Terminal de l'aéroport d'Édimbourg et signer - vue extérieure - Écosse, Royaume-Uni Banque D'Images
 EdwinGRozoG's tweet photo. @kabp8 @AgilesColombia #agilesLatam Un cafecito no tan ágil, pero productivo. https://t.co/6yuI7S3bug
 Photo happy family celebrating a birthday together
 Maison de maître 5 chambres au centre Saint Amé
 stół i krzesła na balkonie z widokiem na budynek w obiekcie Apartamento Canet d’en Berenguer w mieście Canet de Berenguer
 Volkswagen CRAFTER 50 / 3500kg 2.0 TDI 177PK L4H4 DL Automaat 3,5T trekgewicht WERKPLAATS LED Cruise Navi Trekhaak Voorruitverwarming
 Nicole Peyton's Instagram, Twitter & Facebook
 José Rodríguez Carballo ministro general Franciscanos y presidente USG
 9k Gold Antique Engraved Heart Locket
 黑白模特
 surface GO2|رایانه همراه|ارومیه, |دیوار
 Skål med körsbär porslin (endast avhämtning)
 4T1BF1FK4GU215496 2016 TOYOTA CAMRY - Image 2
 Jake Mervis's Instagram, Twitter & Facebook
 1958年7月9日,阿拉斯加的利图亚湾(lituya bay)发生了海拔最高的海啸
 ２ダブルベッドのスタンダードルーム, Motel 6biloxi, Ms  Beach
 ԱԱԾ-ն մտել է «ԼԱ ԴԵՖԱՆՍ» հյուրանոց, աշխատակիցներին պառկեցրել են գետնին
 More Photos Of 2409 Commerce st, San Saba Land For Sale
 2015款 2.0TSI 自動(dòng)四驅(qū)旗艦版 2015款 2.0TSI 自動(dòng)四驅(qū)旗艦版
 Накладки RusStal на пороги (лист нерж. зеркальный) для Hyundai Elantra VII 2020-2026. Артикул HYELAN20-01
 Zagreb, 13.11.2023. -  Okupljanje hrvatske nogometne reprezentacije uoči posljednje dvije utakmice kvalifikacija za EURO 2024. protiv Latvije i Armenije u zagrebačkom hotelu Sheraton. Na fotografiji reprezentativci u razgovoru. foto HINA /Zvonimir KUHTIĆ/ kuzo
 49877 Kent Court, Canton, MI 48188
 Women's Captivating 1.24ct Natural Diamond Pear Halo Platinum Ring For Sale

•••

◆ **Problem description**
Exactly how many lines of the listing hold the word "Instagram"? Give the number with nothing else.

◆ **Answer to the problem**
2